A study published in the journal Body Image has revealed that both men and women are happiest with their bodies after the age of 60.
Satisfaction with size, shape and appearance gradually increases as people age, with our latter years characterised by the highest levels of self-assurance, according to data from more than 15,000 people.
While women aged between 19 and 24 were prone to being unhappy with their bodies, they were much more content with how they looked when they reached 60, the research showed.
Similarly, men suffered a dip in self-confidence between 29 and 34 years old, and between 44 and 49. But their self-esteem began to rise as they approached their 60th birthday and continued to increase afterwards.

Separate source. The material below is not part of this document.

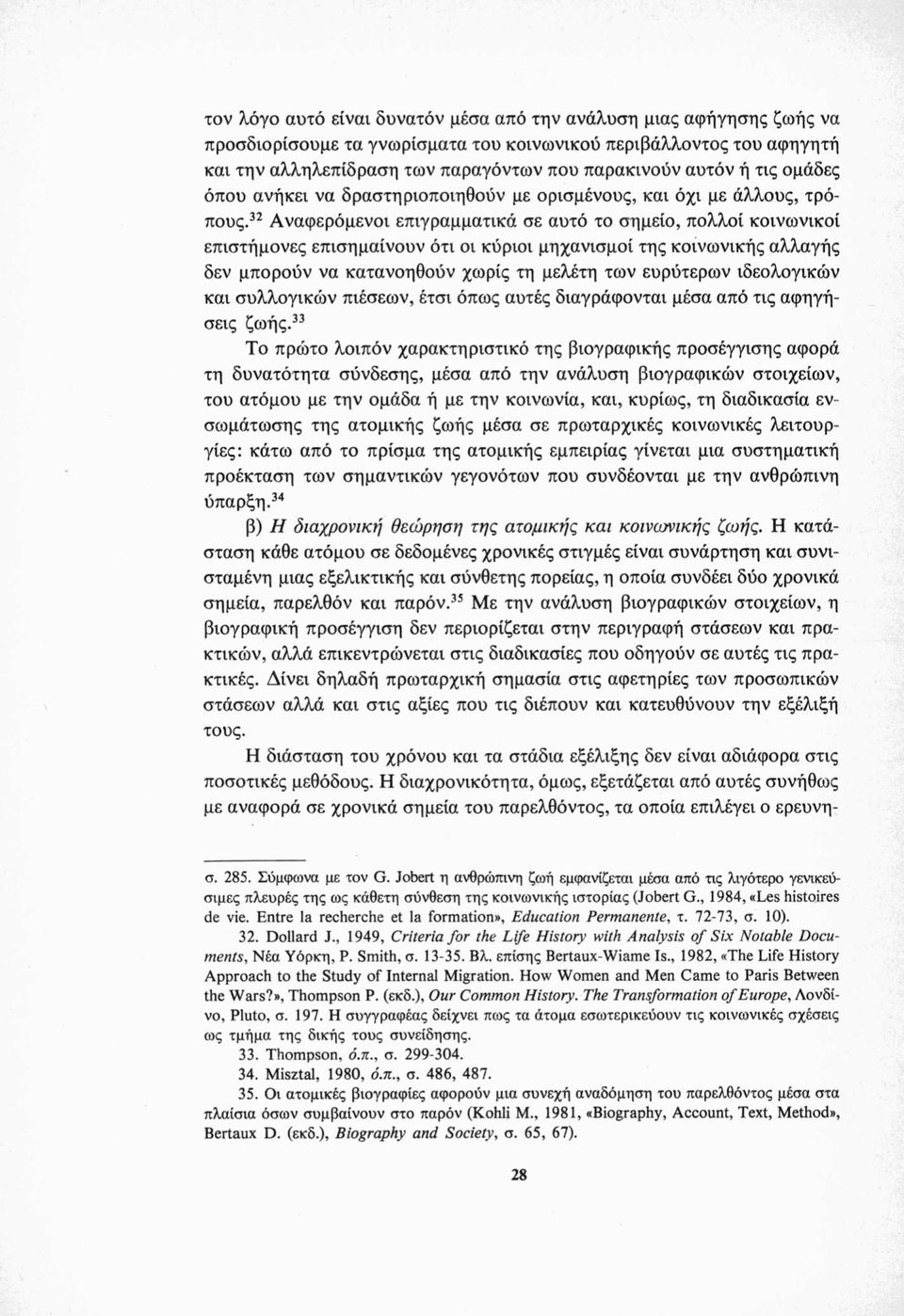 32 Αναφερόμενοι επιγραμματικά σε αυτό το σημείο, πολλοί κοινωνικοί επιστήμονες επισημαίνουν ότι οι κύριοι μηχανισμοί της κοινωνικής αλλαγής δεν μπορούν να κατανοηθούν χωρίς τη μελέτη των ευρύτερων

“These results are also consistent with theoretical work suggesting that women place less importance on evaluating the appearance of their bodies as they age and that older adults may value body function over body appearance,” the study said.
“It is possible that such body-related perceptual shifts may gradually occur across the female lifespan, and in turn buffer against the impact of the damaging thin and youthful ideals upheld within Western cultures to enable enhanced body image as women age. The current study supports the idea that the pressures women face may lessen over time.
“Similarly, to their female peers, ageing men may value body functionality over body appearance, which in turn may buffer against appearance dissatisfaction.”
An increase in body confidence was more dramatic among women as they aged, whereas men tended to have a more positive overall attitude towards their bodies which gradually improved in their later years.
This ran contrary to the researcher’s prediction that “body dissatisfaction is relatively stable across the female lifespan”.